The response must consist of the lines below from the one with "Impresora 3D Bambu" through the one with "Pre-Owned GUCCI 1500L", exactly as they appear and with both ends kept.

§ Information supplied:
:::::

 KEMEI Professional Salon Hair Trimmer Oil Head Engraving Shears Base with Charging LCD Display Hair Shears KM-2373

:::::

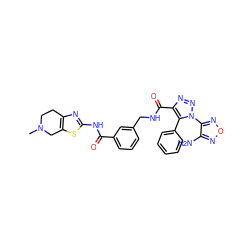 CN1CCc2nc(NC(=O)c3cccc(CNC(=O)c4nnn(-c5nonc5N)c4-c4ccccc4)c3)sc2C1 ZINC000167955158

:::::

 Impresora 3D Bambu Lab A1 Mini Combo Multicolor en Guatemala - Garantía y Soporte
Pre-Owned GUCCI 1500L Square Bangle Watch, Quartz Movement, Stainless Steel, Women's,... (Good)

:::::

§ Task response:
 Impresora 3D Bambu Lab A1 Mini Combo Multicolor en Guatemala - Garantía y Soporte
Pre-Owned GUCCI 1500L Square Bangle Watch, Quartz Movement, Stainless Steel, Women's,... (Good)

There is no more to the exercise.